Errada, porque “mortífero” não é o conceito de Winnicott para essa passagem do vínculo inicial à separação.
- B)pequeno a.
Errada, porque “pequeno a” remete a Lacan, não ao conceito winnicottiano descrito no enunciado.
- C)anal-sádico.
Errada, porque “anal-sádico” é um termo ligado à teoria psicossexual de Freud, não ao objeto escolhido pela criança.
- D)transicional.
Certa, porque o objeto transicional é justamente o objeto intermediário que ajuda a criança na separação progressiva da mãe.
- E)fálico-edipiano.
Errada, porque “fálico-edipiano” pertence à organização psicossexual freudiana, não ao conceito de Winnicott.
Gabarito: D
Winnicott ficou famoso por mostrar que o desenvolvimento emocional do bebê não acontece de forma abrupta, como se a criança simplesmente “saísse” da relação com a mãe e pronto.

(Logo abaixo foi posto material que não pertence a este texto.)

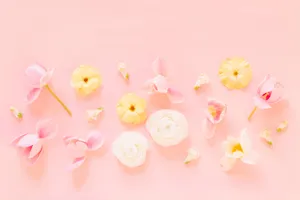Pastel Floral Arrangement Pink Background Wallpaper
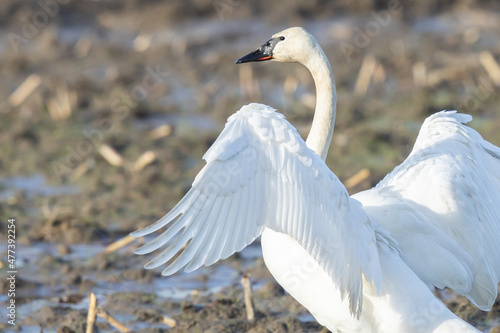 Trumpeter Swan Stretches Wings in Skagit Valley Farm Field photo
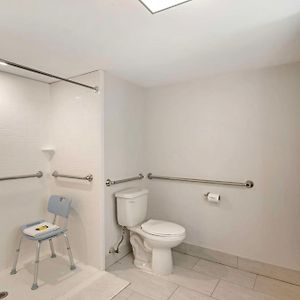 Queen Room Disability Access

Entre a dependência total e a separação mais segura, existe uma etapa intermediária muito importante: a dos objetos e fenômenos transicionais. É aí que a criança costuma eleger um objeto especial, como um paninho, uma fralda ou um bichinho, para suportar a passagem entre a presença da mãe e a capacidade de ficar um pouco mais independente. Esse objeto não é um brinquedo qualquer. Ele ajuda a criança a acalmar a angústia de separação e a construir uma ponte entre a realidade interna, cheia de fantasia e segurança, e o mundo externo, onde a mãe já não está disponível o tempo todo. Por isso, Winnicott chama esse objeto de transicional: ele faz a transição entre a relação inicial muito colada ao corpo materno e uma relação de objeto mais autônoma. A lógica da questão está exatamente nisso. O enunciado descreve o objeto escolhido pela criança para fazer essa travessia do vínculo oral inicial com a mãe para uma relação de objeto separada do corpo materno. Na teoria de Winnicott, isso é o objeto transicional. É um conceito clássico da psicologia do desenvolvimento e costuma aparecer em provas para testar se você confunde Winnicott com fases psicossexuais de Freud. Resumo de prova: se a questão falar de paninho, ursinho, conforto na separação, continuidade entre eu e não-eu, pense em Winnicott e em objeto transicional. É quase um “passaporte emocional” da criança.